READ MORE: WWF's fish guide red flags Danish prawns

The good news is …
But the report also praised Denmark as one of the nations in the world that has solutions to the problems that the world faces in the wake of man’s over-exploitation of nature. In particular, the WWF praised the nation’s innovative and visionary work with sustainable energy, such as wind energy.

“December 2013 marked a significant milestone, when wind power provided an equivalent of 57.4 per cent of Denmark’s electricity consumption – the first time ever that wind power supplied more than half of a country’s electricity needs for a whole month,” the report stated.

“December 21 set another record, with wind turbines generating the equivalent of 102 percent of Danish electricity consumption.”

The report (here in English) found that as of 2013, Danish companies supplied 25 percent of the world’s wind turbines.

Cropland the main culprit
The ecological footprint per capita is calculated by assessing how much land is actually used for human activity: living, farming etc.

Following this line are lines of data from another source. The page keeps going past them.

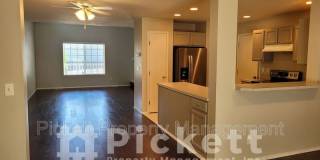 1114 NE Beaumont Ln Gallery 4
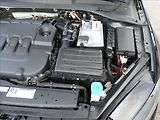 Volkswagen Golf 1,6 TDi 85kW IQ.Drive,1.maj,TZ - náhled 39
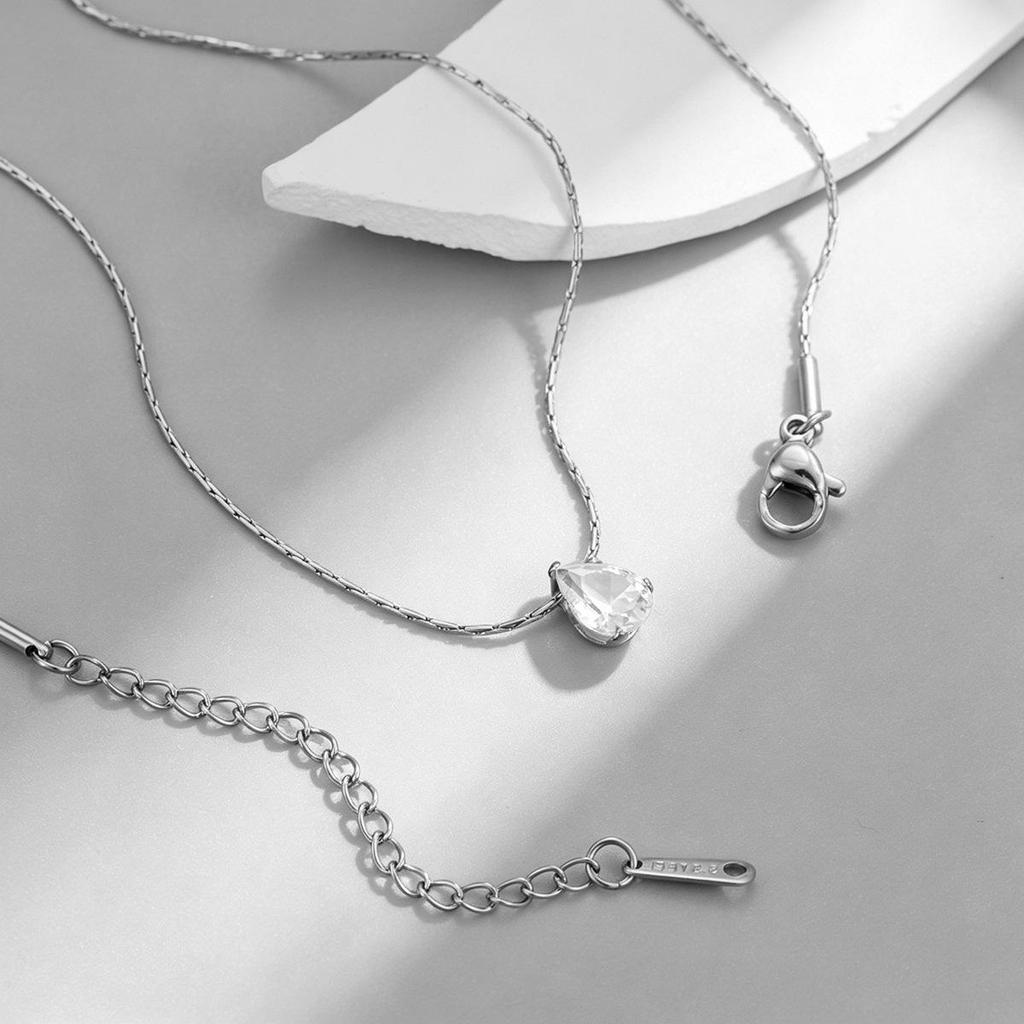 18K Gold Six-Prong Diamond Pendant Necklace - Elegant Summer Clavicle Chain for Women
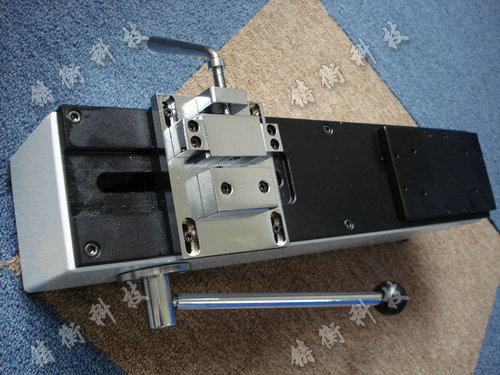 ���߶�����������̨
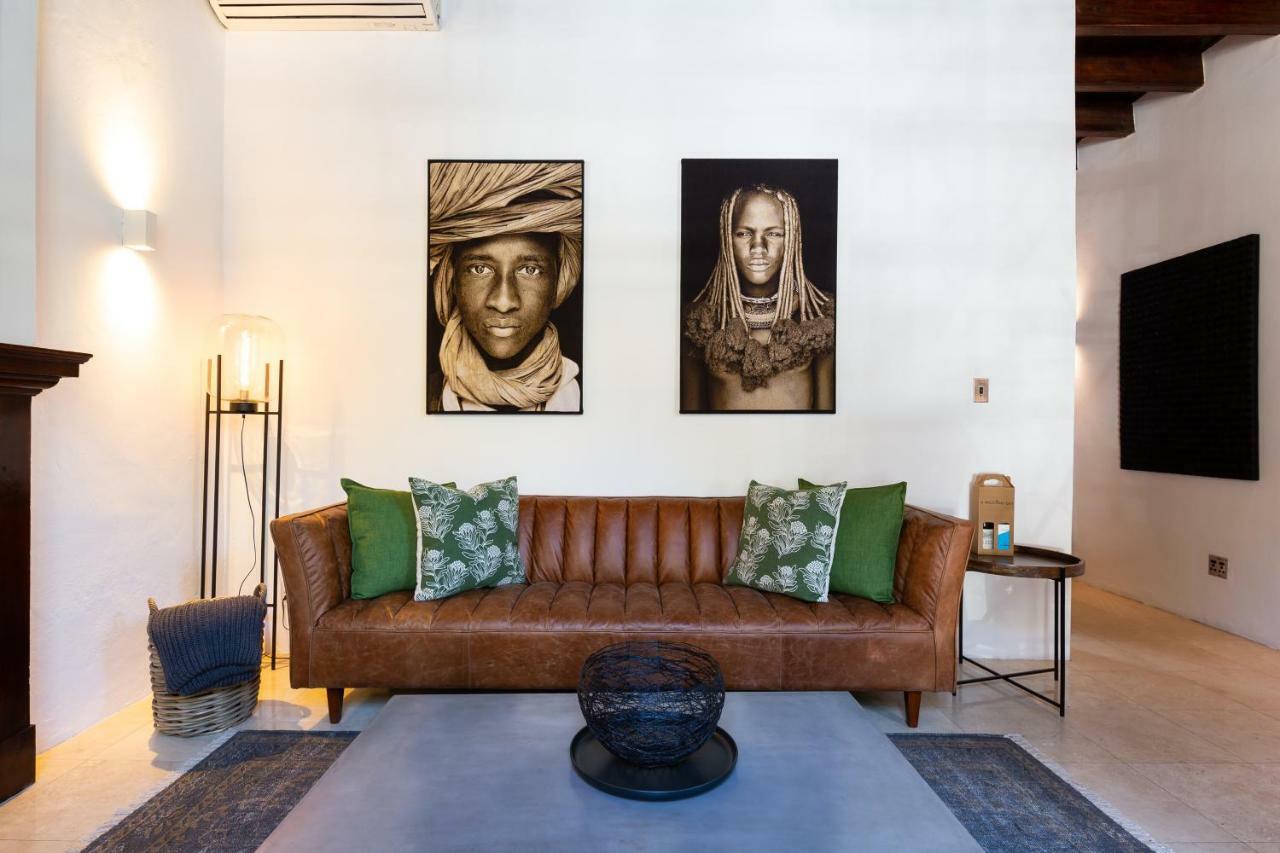Central Cape Town, Stylish Home, With Private Courtyard Bagian luar foto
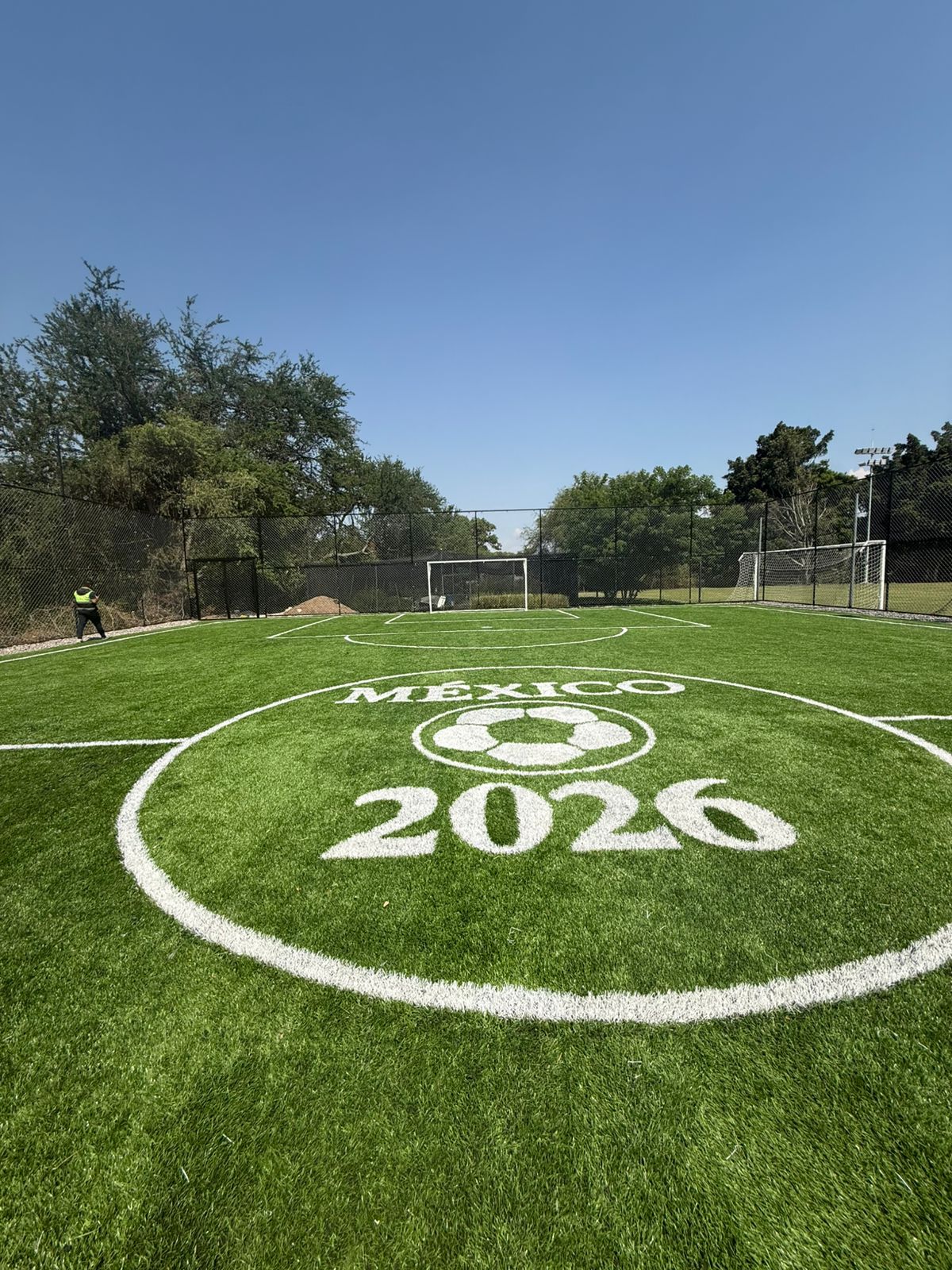 CONSTRUCCIÓN DE CANCHA FÚTBOL 5 EN UNIDAD DEPORTIVA LA MELENA EN MAZATEPEC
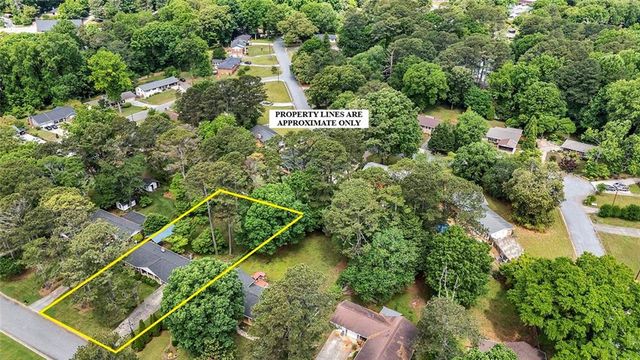 5597 Bob White Circle NW, Lilburn, GA 30047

So if a country, like the US, has vast uninhabitable areas like deserts that cannot be used for anything, this will decrease its footprint, while other countries might pay the price for being particularly fertile.

The land-use categories are: built-up land, fishing grounds, forest products, grazing products, cropland and carbon.

Due to the huge amounts of animal feed the country grows to support its pork industry, Denmark's amount of cropland per capita (nearly three hectares) is the highest in the world. In total, cropland accounts for 60 percent of the country's area.